Tanalasta se adentró en la sala, donde olía a rayos, y estuvo a punto de gritar cuando algo blando y diáfano se pegó a su mejilla. Se lo quitó como pudo y descubrió que tenía las manos llenas de una pegajosa telaraña. Tardó un instante en reconocer que era seda pura, y entonces advirtió que todo el lugar estaba impregnado de seda, entrelazada alrededor de las raíces, colgando por todas partes para dar forma a las paredes de la tumba y cubriendo también los restos diseminados que había en el suelo.
El primer impulso de la princesa consistió en marcharse, porque aquel filamento le recordaba la telaraña de la viuda negra, pero apretó la mandíbula con fuerza e hizo un esfuerzo por apartar de las paredes la telaraña que las cubría.
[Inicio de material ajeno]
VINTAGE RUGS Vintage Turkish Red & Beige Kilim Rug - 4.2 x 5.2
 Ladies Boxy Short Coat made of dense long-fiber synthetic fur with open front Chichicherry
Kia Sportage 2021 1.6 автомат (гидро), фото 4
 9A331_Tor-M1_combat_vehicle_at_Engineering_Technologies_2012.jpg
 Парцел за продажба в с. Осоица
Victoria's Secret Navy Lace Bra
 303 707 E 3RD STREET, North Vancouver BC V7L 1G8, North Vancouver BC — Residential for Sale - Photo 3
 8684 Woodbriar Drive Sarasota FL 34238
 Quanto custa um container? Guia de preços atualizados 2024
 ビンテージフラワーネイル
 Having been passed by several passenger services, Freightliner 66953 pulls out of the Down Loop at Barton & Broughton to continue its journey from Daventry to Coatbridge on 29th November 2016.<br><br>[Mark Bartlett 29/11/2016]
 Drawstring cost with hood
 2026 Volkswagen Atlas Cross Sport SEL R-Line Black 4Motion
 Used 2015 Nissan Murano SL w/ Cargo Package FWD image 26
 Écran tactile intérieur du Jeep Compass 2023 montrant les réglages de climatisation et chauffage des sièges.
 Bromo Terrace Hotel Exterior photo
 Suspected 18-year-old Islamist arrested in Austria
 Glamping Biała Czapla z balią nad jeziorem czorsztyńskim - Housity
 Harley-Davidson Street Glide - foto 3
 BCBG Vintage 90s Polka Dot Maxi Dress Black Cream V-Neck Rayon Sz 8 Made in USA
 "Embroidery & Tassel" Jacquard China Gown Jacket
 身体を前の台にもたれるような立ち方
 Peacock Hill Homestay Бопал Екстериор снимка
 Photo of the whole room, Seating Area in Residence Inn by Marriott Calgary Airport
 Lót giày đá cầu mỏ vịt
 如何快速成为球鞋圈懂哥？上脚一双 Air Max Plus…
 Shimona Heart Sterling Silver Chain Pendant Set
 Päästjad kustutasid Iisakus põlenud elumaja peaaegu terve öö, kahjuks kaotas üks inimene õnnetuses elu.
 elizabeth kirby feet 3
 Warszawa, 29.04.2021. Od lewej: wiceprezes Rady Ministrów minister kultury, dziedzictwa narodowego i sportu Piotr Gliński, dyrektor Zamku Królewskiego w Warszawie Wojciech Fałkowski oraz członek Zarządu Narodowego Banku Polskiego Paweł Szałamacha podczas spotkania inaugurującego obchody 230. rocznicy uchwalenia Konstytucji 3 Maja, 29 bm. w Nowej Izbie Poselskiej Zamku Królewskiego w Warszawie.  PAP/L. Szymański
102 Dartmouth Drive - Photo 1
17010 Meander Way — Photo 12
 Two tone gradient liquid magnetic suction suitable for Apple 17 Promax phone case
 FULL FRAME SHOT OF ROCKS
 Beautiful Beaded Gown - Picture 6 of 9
Descubrió con sorpresa que al quitar la seda se abría ante ella otro túnel, que empezó a excavar de ese modo hasta que recorrió otros diez pasos, más o menos la distancia a la que se encontraba la humedad condensada del sicomoro.
Tanalasta reprimió un temblor, al descubrir que el árbol, o el cadáver que había bajo él, había podrido el suelo de tal forma que el proceso de regeneración natural se había interrumpido por completo. Regresó al centro del árbol y examinó un puñado de botones. El enchapado dorado estaba tan deslustrado que apenas discernía la forma de un dragón rampante, con las alas extendidas y la cola rizada tras la espalda. De pronto desapareció cualquier duda que pudiera haber albergado sobre la identidad de la ghazneth. Era el emblema del rey Boldovar. Temerosa de infectarse del mal que emanaba de aquel lugar, la princesa arrojó los botones a un lado y gateó en dirección a la salida de la tumba.
Rowen la esperaba ante el agujero, sosteniendo las riendas de la yegua y vigilando el cañón.
—¿Cuánto falta para que regrese Vangerdahast? —preguntó el explorador antes de que saliera de la madriguera.
—Creo que hasta mañana tendremos que apañárnoslas como podamos —respondió la princesa, que al levantar la mirada descubrió cierta inquietud en Rowen—. Dudo que Vangerdahast disponga de más hechizos de teletransportación, y aunque ése fuera el caso, necesita algún tiempo para prepararlos.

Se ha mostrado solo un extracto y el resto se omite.